> YOUR TASK
Return exactly the lines of the entries that start at the line containing "2019 Ford Mustang EcoBoost" and continue to the last line. Omit the pictures.

> SUPPLIED DATA
○ ○ ○ ○ ○

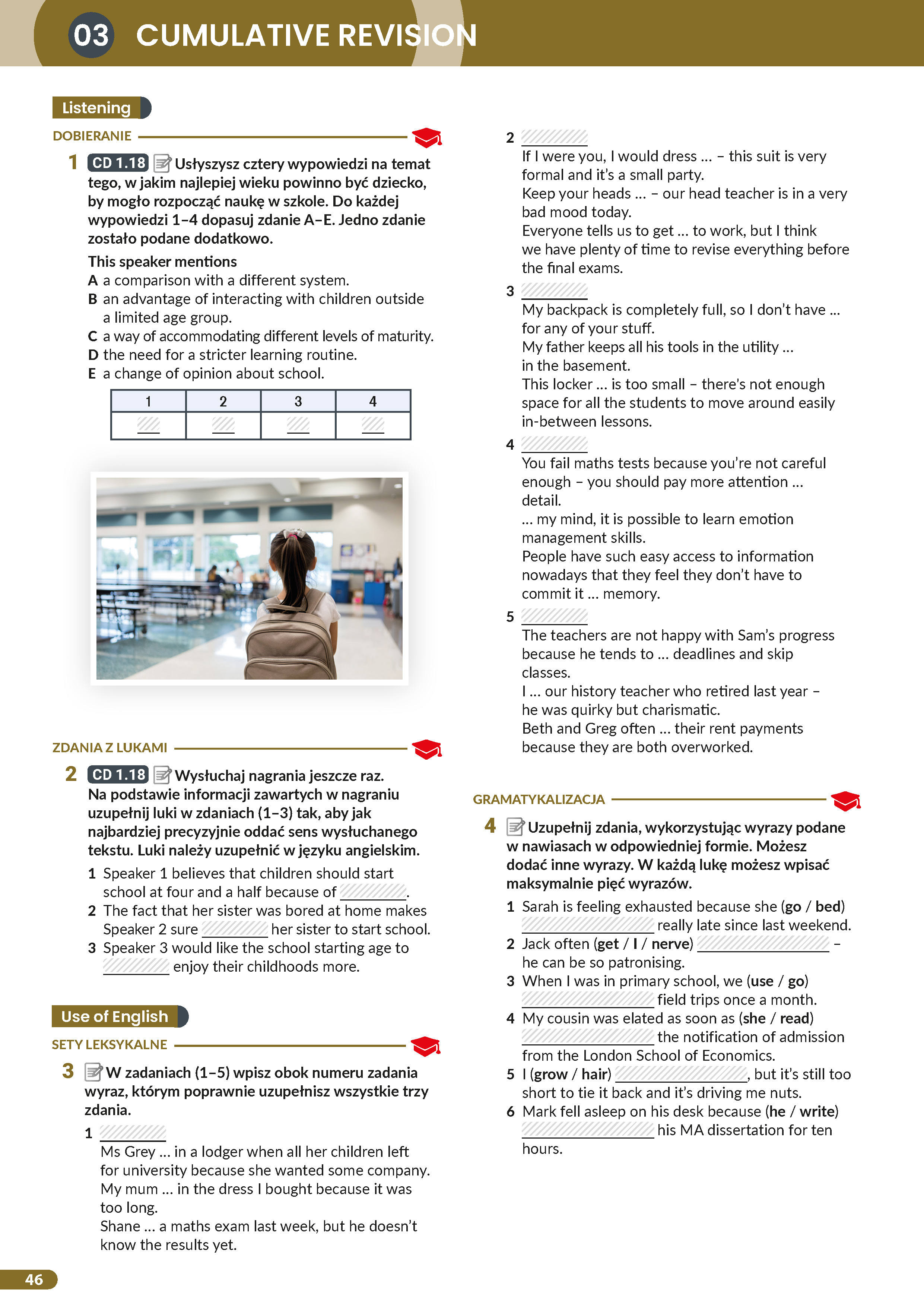Repetytorium Macmillan Poziom Podstawowy I Rozszerzony Pdf Repetytorium. Podręcznik do szkół ponadpodstawowych. Poziom rozszerzony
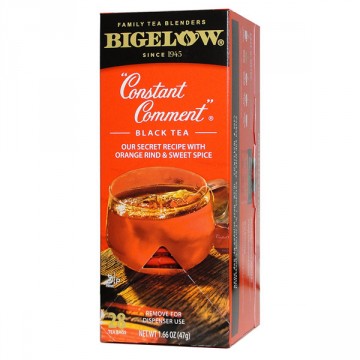 Bigelow Constant Comment Tea - 28ct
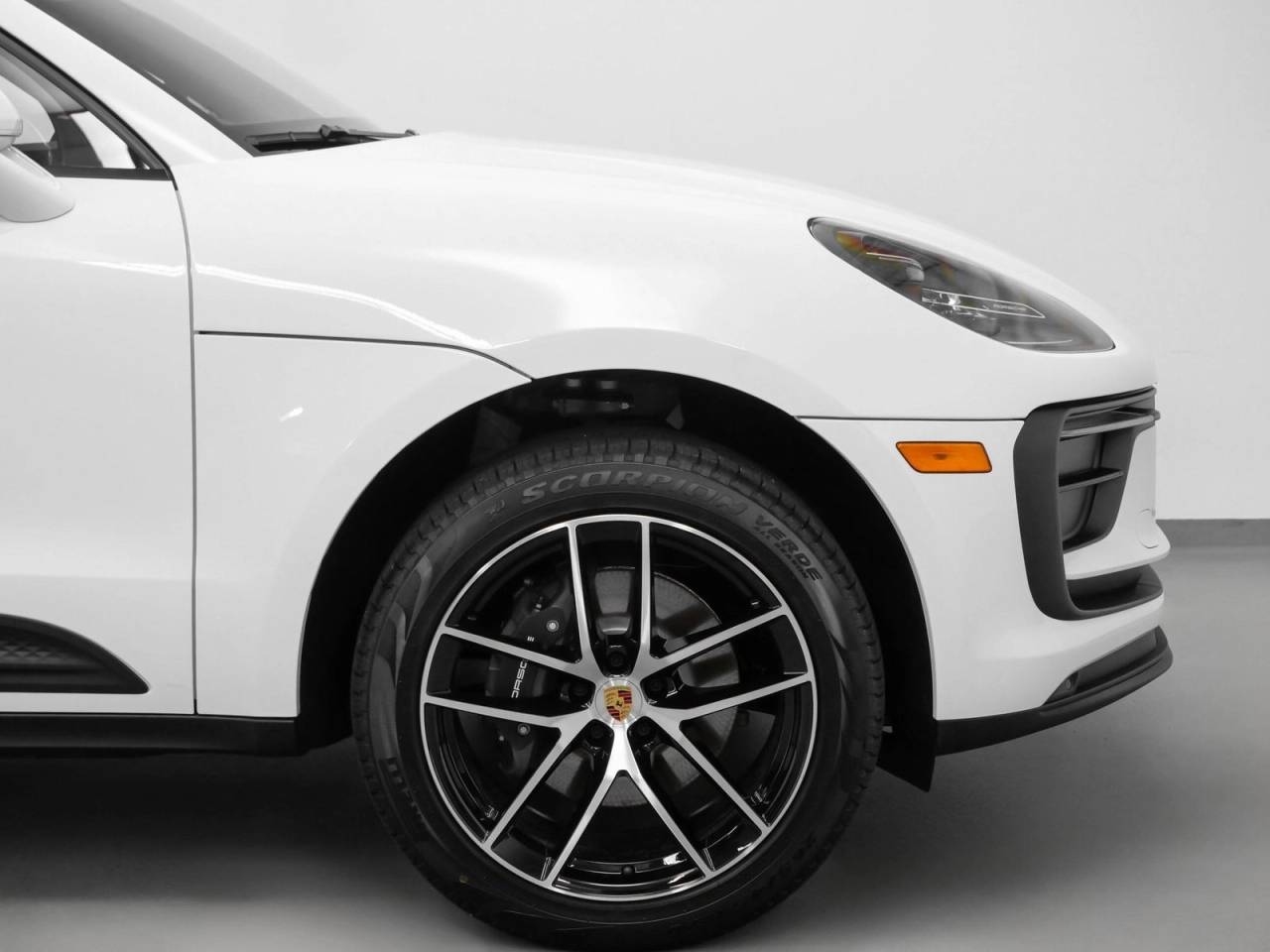 2025 Porsche Macan Macan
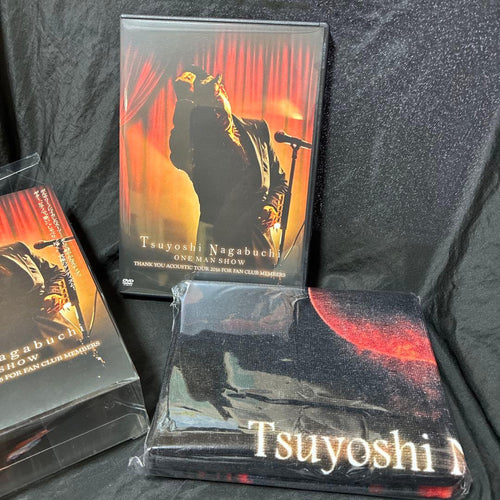 Music Dvd /One Man Show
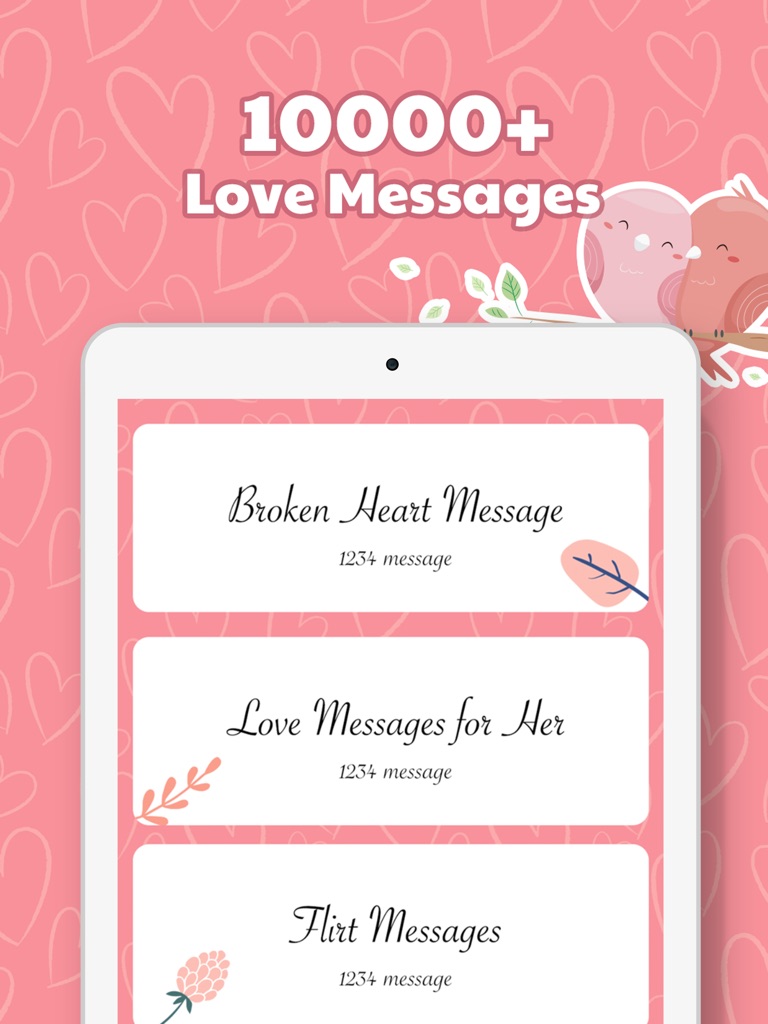 【图】Romantic Love Message Quotes(截图3)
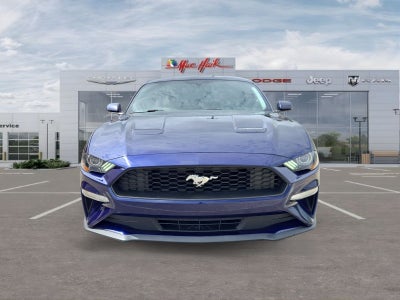2019 Ford Mustang EcoBoost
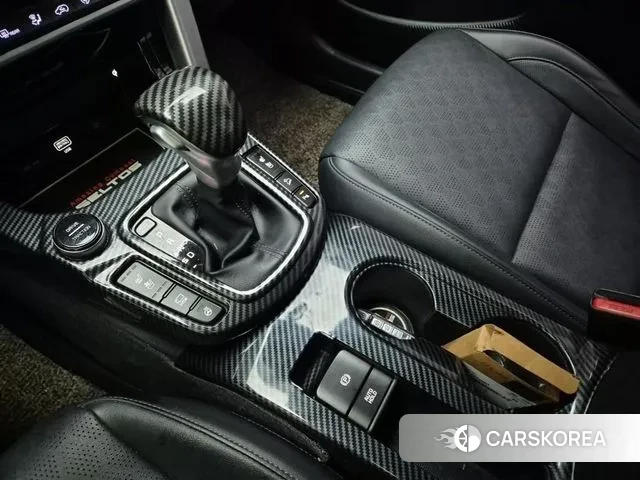 Kia Seltos id 3742319 из Кореи 17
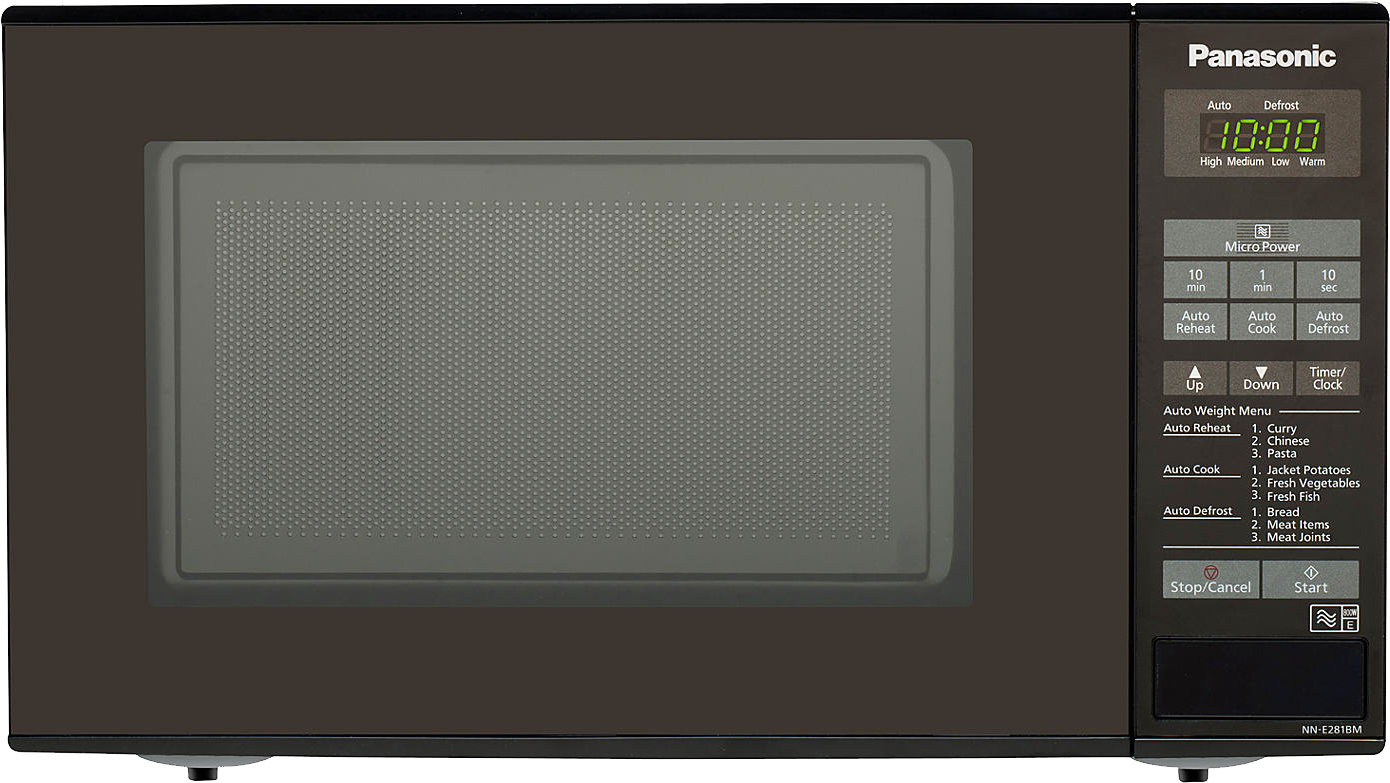 Microwave PNG images 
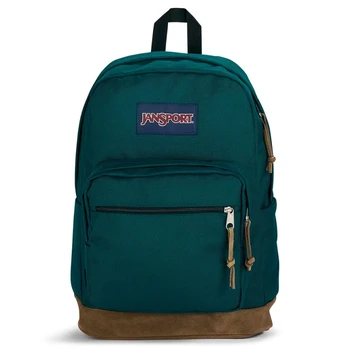 Kuprinė JANSPORT Right Pack - ŽALIA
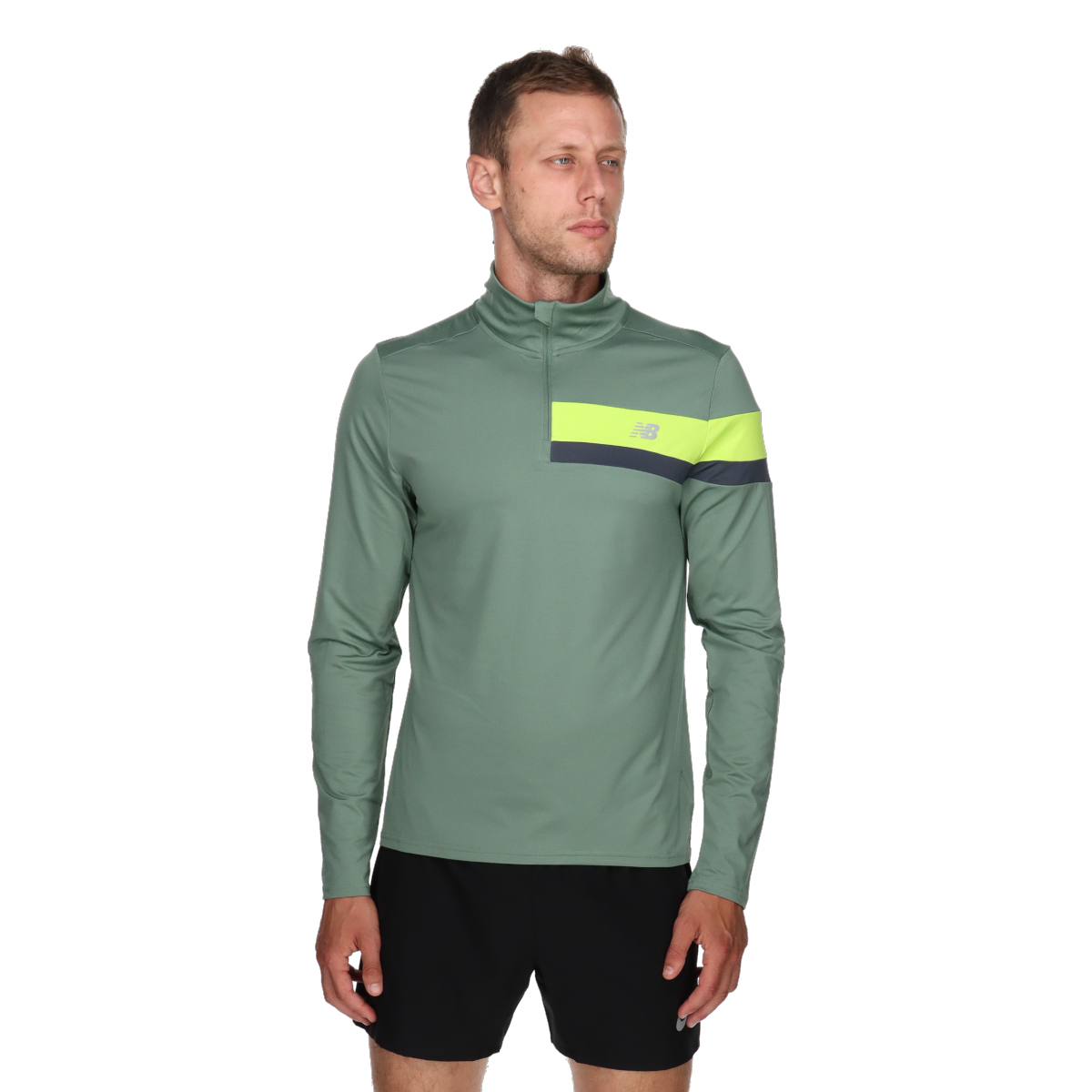 Accelerate Half Zip Accelerate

○ ○ ○ ○ ○

> EXERCISE OUTPUT
2019 Ford Mustang EcoBoost
 Kia Seltos id 3742319 из Кореи 17
 Microwave PNG images 
 Kuprinė JANSPORT Right Pack - ŽALIA
 Accelerate Half Zip Accelerate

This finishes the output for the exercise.